Activity: Below are entries; copy exactly the lines from the one with "のインスタグラム：「Merry Christmas from" through the one with "Ayrılmak istediği sevgilisinin", both included, and leave out the rest.

-------- Information provided

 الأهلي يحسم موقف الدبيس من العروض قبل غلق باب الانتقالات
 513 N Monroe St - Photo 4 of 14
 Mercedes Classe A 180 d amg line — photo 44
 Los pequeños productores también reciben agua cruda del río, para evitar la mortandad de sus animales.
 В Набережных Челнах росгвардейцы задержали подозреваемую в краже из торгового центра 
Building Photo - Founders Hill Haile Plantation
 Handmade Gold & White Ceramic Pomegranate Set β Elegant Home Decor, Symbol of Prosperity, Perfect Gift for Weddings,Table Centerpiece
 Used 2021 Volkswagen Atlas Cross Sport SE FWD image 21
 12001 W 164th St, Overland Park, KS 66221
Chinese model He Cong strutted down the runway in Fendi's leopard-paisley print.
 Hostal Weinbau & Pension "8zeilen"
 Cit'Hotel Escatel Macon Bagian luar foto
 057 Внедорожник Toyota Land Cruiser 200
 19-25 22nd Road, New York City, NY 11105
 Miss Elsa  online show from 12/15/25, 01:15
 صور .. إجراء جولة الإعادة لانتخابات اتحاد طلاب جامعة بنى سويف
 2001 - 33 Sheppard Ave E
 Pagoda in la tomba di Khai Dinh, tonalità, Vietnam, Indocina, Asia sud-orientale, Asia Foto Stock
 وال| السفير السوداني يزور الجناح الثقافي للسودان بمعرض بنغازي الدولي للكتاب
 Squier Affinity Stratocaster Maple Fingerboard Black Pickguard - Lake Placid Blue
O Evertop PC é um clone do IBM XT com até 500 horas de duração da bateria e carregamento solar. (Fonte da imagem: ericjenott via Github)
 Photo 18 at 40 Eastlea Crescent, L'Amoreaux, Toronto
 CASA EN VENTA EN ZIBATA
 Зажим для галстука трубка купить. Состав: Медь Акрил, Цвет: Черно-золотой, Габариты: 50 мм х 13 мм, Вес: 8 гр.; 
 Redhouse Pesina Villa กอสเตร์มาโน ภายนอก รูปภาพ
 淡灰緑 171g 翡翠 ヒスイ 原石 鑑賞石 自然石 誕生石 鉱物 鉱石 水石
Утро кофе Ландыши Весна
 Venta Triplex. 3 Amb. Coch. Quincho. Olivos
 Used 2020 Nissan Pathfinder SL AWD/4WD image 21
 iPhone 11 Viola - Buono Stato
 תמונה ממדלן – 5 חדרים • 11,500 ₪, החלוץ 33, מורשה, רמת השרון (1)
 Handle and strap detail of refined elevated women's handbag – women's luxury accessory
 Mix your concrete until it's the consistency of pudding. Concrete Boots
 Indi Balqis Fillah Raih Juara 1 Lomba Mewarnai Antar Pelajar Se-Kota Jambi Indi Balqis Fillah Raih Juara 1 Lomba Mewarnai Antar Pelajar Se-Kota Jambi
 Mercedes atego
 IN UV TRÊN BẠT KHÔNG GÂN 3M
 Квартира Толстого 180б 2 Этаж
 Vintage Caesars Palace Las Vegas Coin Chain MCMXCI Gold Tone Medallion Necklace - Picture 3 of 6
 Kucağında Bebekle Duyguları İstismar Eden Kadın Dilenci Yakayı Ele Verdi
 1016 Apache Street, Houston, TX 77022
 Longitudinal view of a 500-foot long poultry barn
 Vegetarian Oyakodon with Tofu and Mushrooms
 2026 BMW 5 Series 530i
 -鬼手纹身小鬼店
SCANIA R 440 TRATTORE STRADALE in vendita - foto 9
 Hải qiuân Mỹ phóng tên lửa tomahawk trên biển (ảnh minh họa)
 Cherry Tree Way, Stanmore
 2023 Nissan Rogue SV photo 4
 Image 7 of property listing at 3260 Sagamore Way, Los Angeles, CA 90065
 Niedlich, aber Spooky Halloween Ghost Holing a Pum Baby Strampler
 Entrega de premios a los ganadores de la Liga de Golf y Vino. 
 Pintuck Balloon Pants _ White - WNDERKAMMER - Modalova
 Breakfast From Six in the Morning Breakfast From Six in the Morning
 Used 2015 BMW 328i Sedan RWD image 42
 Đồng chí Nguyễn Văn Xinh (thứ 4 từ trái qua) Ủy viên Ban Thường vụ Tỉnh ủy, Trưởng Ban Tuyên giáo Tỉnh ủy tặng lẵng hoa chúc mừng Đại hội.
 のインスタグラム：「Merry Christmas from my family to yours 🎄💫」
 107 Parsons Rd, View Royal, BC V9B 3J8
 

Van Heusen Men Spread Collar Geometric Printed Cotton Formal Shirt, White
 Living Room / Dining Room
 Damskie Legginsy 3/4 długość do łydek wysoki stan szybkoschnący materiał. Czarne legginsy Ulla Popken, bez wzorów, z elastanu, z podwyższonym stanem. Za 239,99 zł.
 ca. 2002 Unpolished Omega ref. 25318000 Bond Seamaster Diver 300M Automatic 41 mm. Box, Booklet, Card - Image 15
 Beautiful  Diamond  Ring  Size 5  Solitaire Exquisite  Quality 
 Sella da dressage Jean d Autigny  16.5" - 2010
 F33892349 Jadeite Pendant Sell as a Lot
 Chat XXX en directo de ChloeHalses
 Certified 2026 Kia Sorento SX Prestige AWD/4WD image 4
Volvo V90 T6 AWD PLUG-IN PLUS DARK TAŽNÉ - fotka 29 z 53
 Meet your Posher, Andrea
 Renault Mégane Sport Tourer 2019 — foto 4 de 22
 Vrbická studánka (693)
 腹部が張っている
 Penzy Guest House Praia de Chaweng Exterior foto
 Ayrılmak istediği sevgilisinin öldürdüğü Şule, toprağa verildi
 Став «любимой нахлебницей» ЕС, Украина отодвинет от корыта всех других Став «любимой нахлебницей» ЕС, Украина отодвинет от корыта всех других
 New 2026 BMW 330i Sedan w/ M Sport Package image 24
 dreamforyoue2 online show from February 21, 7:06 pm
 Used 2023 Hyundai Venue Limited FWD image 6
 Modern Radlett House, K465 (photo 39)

----------------

Answer to the exercise:
 のインスタグラム：「Merry Christmas from my family to yours 🎄💫」
 107 Parsons Rd, View Royal, BC V9B 3J8
 

Van Heusen Men Spread Collar Geometric Printed Cotton Formal Shirt, White
 Living Room / Dining Room
 Damskie Legginsy 3/4 długość do łydek wysoki stan szybkoschnący materiał. Czarne legginsy Ulla Popken, bez wzorów, z elastanu, z podwyższonym stanem. Za 239,99 zł.
 ca. 2002 Unpolished Omega ref. 25318000 Bond Seamaster Diver 300M Automatic 41 mm. Box, Booklet, Card - Image 15
 Beautiful  Diamond  Ring  Size 5  Solitaire Exquisite  Quality 
 Sella da dressage Jean d Autigny  16.5" - 2010
 F33892349 Jadeite Pendant Sell as a Lot
 Chat XXX en directo de ChloeHalses
 Certified 2026 Kia Sorento SX Prestige AWD/4WD image 4
Volvo V90 T6 AWD PLUG-IN PLUS DARK TAŽNÉ - fotka 29 z 53
 Meet your Posher, Andrea
 Renault Mégane Sport Tourer 2019 — foto 4 de 22
 Vrbická studánka (693)
 腹部が張っている
 Penzy Guest House Praia de Chaweng Exterior foto
 Ayrılmak istediği sevgilisinin öldürdüğü Şule, toprağa verildi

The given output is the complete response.